A related concept is the giant-killer, which refers to a lesser competitor who defeats a favorite. The name reflects such stories as David and Goliath, and Jack the Giant-Killer.[citation needed]

Most Cinderellas send one strong message: a team or a player that has not had a good regular season can atone for the struggles with brilliance in a short period of time.


Examples of North American "Cinderellas"

Many teams are considered "Cinderella teams" when they seemingly overachieve. For example, the Tampa Bay Rays and the Arizona Cardinals went all the way to their respective leagues' championships in 2008 only to "turn into a pumpkin" at the end. This list is largely confined to "Cinderella teams" that won championships.



  • New York Giants (1954)[citation needed] – The then-New York Giants swept the 111-win Cleveland Indians in the 1954 World Series in one of the greatest World Series upsets in baseball history. Center fielder Willie Mays made an iconic over-the-shoulder catch in the 8th inning of game 1 to preserve a tie. Dusty Rhodes would later win the game for the Giants with a walk-off home run in the 10th inning that set the stage for a series sweep.
  • New York Mets (1969)[7] – The Mets won their first ever World Series title after beating the heavily favored 109-win Baltimore Orioles in the 1969 World Series; previously, the Mets had finished either last or next-to-last in the National League every year.
  • Cincinnati Reds (1990)[citation needed] – not seen as a particularly strong team, the Reds were not expected to defeat the Pirates in the NLCS nor were they expected to have any chance against the mighty Oakland Athletics. Critics expected a sweep, which did happen. However it was the Reds sweeping the A's in a stunner to win the championship.
  • Minnesota Twins (1991)[citation needed] – One year after finishing dead last in the American League West and tied for the second-worst record in the American League, the Twins won the 1991 World Series by defeating a fellow Cinderella, the Atlanta Braves (see below), in seven games in what was considered among the greatest and most dramatic World Series of all time.

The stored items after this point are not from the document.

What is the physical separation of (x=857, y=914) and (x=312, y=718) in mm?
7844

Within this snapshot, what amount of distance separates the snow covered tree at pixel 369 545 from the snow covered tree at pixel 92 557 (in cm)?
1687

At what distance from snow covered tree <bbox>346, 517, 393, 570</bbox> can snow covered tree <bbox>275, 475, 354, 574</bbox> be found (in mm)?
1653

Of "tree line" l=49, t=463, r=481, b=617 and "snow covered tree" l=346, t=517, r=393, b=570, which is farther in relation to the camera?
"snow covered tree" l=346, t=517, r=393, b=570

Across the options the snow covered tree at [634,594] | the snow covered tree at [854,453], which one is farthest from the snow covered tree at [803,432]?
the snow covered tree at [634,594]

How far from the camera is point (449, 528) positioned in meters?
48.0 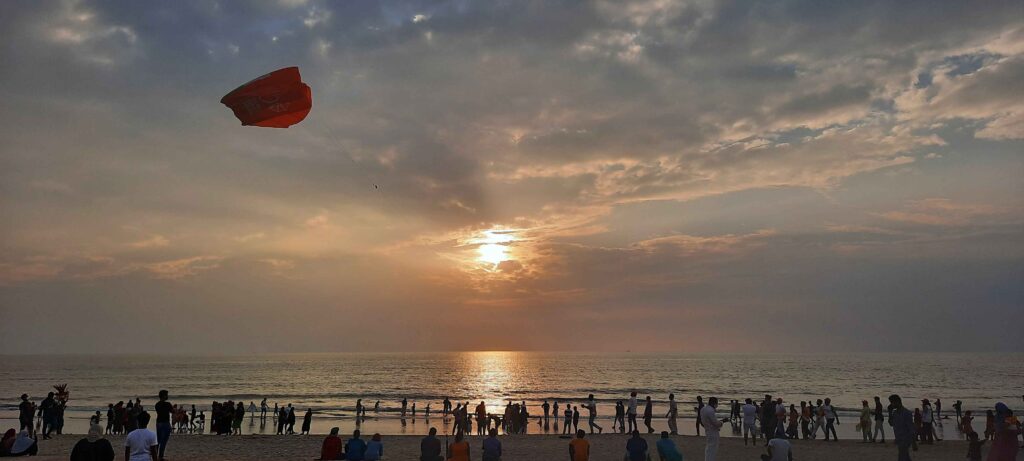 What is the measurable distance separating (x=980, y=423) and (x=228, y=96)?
44639 mm

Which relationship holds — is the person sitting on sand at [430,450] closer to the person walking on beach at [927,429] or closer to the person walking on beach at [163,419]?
the person walking on beach at [163,419]

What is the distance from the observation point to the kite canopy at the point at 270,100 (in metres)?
19.1

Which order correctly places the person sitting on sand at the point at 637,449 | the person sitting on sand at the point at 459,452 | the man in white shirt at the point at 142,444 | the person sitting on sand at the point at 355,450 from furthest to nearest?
the person sitting on sand at the point at 355,450 < the person sitting on sand at the point at 637,449 < the person sitting on sand at the point at 459,452 < the man in white shirt at the point at 142,444

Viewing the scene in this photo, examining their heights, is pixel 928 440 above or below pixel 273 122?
below

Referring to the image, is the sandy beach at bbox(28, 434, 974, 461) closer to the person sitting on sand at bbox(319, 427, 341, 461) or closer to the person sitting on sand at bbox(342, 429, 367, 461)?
the person sitting on sand at bbox(319, 427, 341, 461)

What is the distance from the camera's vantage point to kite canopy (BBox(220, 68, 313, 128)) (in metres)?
19.1

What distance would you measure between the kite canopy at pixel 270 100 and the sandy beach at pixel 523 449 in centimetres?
1047

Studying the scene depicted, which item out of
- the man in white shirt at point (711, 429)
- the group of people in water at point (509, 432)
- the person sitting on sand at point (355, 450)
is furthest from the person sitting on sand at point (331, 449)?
the man in white shirt at point (711, 429)

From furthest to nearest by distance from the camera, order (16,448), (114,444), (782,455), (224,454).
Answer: (114,444) < (224,454) < (16,448) < (782,455)

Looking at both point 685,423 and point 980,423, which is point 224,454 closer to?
point 685,423

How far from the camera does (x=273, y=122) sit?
1936cm

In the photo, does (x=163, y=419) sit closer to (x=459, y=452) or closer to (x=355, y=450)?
(x=355, y=450)

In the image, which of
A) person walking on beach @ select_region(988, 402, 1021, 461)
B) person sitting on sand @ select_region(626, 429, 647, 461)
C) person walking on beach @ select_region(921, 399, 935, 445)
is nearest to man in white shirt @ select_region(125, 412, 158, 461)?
person sitting on sand @ select_region(626, 429, 647, 461)

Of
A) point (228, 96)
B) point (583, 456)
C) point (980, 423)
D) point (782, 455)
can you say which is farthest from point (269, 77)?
point (980, 423) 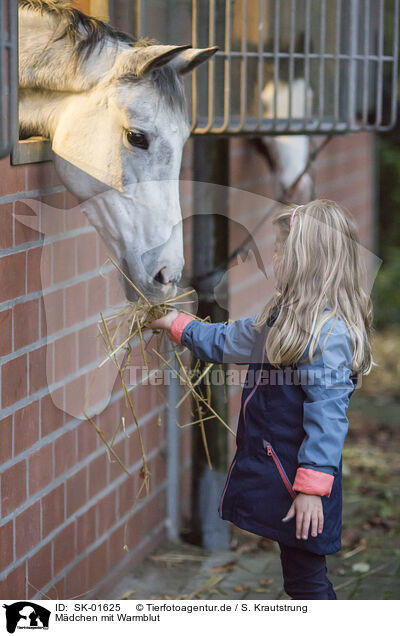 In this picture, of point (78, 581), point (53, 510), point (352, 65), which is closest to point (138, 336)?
point (53, 510)

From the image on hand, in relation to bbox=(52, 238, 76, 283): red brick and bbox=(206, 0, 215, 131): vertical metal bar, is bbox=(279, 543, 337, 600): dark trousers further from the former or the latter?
bbox=(206, 0, 215, 131): vertical metal bar

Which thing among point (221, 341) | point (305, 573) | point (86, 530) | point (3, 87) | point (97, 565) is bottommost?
point (97, 565)

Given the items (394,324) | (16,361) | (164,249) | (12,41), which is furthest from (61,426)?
(394,324)

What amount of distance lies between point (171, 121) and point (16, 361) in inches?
36.0

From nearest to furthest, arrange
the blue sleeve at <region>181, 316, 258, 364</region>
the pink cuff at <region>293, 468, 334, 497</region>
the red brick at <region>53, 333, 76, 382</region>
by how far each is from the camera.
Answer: the pink cuff at <region>293, 468, 334, 497</region> < the blue sleeve at <region>181, 316, 258, 364</region> < the red brick at <region>53, 333, 76, 382</region>

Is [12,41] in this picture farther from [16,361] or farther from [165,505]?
[165,505]

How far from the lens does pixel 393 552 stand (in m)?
4.25

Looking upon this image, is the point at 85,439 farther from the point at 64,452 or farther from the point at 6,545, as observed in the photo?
the point at 6,545

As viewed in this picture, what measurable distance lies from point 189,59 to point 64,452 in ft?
4.88

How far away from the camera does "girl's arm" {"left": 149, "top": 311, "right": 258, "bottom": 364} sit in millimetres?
2727

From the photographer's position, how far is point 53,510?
3.17m

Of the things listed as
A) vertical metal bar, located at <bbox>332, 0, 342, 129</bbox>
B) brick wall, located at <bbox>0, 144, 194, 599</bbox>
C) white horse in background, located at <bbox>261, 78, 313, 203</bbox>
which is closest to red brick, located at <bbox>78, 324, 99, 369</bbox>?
brick wall, located at <bbox>0, 144, 194, 599</bbox>

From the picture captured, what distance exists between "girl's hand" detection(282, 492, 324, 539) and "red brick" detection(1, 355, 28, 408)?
37.4 inches

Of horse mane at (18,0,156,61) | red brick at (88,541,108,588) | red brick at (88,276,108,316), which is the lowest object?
red brick at (88,541,108,588) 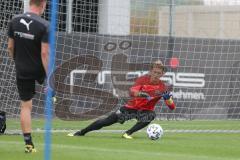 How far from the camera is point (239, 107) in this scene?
1936 centimetres

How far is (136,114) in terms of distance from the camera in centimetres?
1355

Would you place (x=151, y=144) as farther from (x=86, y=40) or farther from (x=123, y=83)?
(x=123, y=83)

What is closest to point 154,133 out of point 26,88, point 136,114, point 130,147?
point 136,114

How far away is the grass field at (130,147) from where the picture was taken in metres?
9.72

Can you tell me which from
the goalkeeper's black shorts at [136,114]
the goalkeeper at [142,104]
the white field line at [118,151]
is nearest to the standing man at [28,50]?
the white field line at [118,151]

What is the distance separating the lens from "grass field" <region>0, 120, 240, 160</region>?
972 centimetres

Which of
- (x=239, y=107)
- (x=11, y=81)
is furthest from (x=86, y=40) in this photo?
(x=239, y=107)

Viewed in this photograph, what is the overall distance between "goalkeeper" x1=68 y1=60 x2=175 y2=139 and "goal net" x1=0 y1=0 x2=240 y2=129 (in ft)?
8.41

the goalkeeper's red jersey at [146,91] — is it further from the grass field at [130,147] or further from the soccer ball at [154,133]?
the soccer ball at [154,133]

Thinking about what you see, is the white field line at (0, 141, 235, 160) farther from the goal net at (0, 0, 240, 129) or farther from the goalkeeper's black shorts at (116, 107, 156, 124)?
Result: the goal net at (0, 0, 240, 129)

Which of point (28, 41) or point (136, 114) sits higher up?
point (28, 41)

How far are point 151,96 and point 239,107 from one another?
643 cm

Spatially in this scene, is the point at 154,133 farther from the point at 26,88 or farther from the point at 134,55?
the point at 134,55

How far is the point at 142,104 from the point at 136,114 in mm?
207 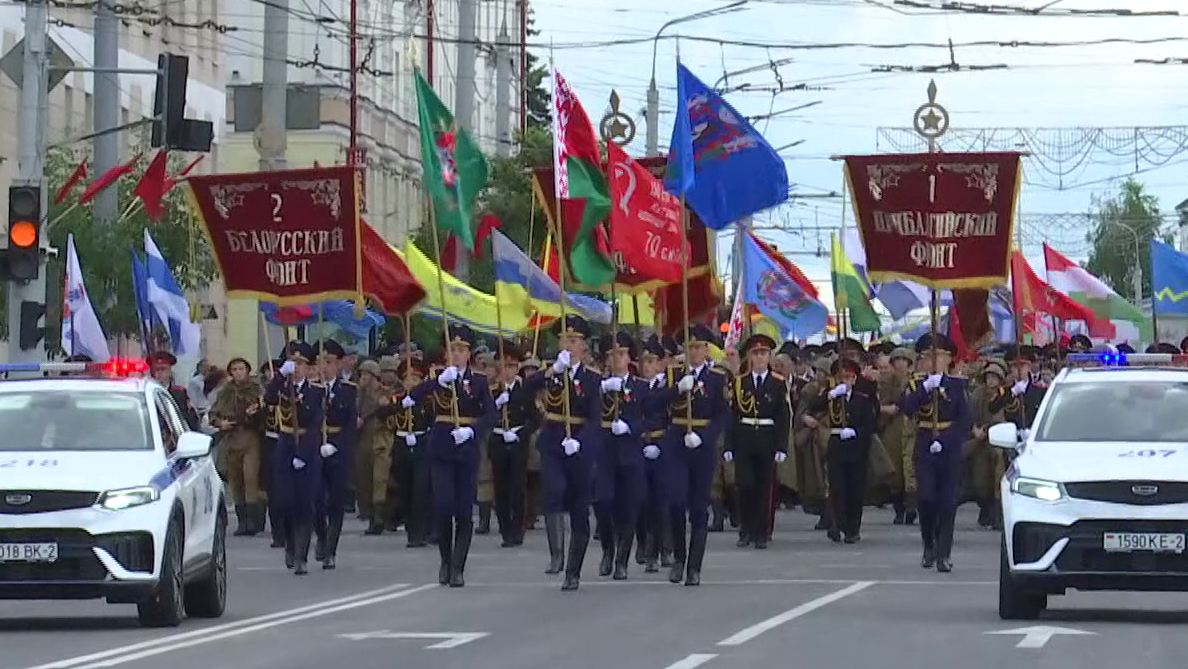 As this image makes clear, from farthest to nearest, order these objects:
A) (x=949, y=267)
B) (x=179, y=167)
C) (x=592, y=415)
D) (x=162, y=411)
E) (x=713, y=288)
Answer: (x=179, y=167) → (x=713, y=288) → (x=949, y=267) → (x=592, y=415) → (x=162, y=411)

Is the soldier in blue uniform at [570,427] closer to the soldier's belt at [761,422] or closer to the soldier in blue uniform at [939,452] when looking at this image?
the soldier in blue uniform at [939,452]

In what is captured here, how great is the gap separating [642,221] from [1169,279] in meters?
17.7

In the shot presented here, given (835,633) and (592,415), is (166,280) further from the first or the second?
(835,633)

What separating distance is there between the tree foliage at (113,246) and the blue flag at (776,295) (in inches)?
283

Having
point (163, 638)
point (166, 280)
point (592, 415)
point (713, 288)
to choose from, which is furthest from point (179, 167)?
point (163, 638)

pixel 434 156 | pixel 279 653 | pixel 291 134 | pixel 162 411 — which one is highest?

The Twins won games six and seven of the series in extra innings, with a walk-off home run and walk-off single respectively.
  • Anaheim Angels (2002)[citation needed] – The Angels won the first World championship in their 41-year history. The Halos finished the regular season in second place in the American League West standings to the Oakland Athletics, making the playoffs as the American League wild card qualifier. Nevertheless, they put together a magical postseason run, upsetting the mighty New York Yankees in the ALDS, besting the Minnesota Twins in the ALCS to win the American League pennant, and going the distance against the San Francisco Giants in the World Series to clinch the title.
  • Florida Marlins (2003)[3] – The Marlins used a strong second half to win the World Series, after upsets against the San Francisco Giants, the Chicago Cubs, and the New York Yankees.[8][9] The NLCS was especially memorable for the Marlins' rally and another Cubs collapse, as it extended the alleged Curse of the Billy Goat.
  • St. Louis Cardinals (2011). With about a month to go in the regular season, the Cardinals were 10½ games behind the wild-card leader, the Atlanta Braves, but by a combination of a winning streak by the Cardinals and a losing streak by the Braves, the wild-card position was decided in favor of the Cardinals on the last day of the regular season. The Cardinals then won playoff series against the Philadelphia Phillies (who had the best win-loss percentage in baseball) and the Milwaukee Brewers (who were the leaders in the same division with the Cardinals and had the best win-loss percentage at home) to face the Texas Rangers in the World Series. Going into the sixth game of the series, the Cardinals were behind 3 games to 2, and had to win the next two games. In the ninth inning of the sixth game, the Cardinals were behind by two runs, and with two outs and two strikes on David Freese, he hit a triple tying the game, which the Cardinals then won in extra innings. The Cardinals then went on to win the seventh game and the series.


Canadian football

College baseball

  • Fresno State (2008) – In one of the more improbable Cinderella stories in American sports history, the Bulldogs surmounted a daunting array of obstacles on their way to the NCAA title:[10][11]
    • Fresno State had never won an NCAA championship in any men's sport going into the 2008 tournament.
    • The Bulldogs entered the Western Athletic Conference tournament at 33-27; they would likely not have made the NCAA tournament without winning the WAC tournament, which they did.
    • They were the #4 seed in their regional. Since only four teams play in each of 16 regionals, this is the equivalent of a team seeded #13 or lower in the NCAA basketball tournament. No #4 seed had ever advanced to the College World Series. By contrast, no #13 or lower seed has ever made the "Elite 8" of the men's basketball tournament, which is arguably equivalent to the eight-team College World Series.
    • Six times in the NCAA tournament, including three times in the College World Series, they faced elimination with a loss. They won all six times.
    • They won a total of 10 tournament games against six different teams ranked in the top 20. ESPN pointed out that in terms of the NCAA basketball tournament, Fresno State's run would be equivalent to a 13 seed beating a 4 seed in the first round (second round from 2011), a 5 seed in the second round (third round from 2011), a top seed in the Sweet 16, a second seed in the Elite 8, another top seed in the Final Four, and still another 2 seed for the championship.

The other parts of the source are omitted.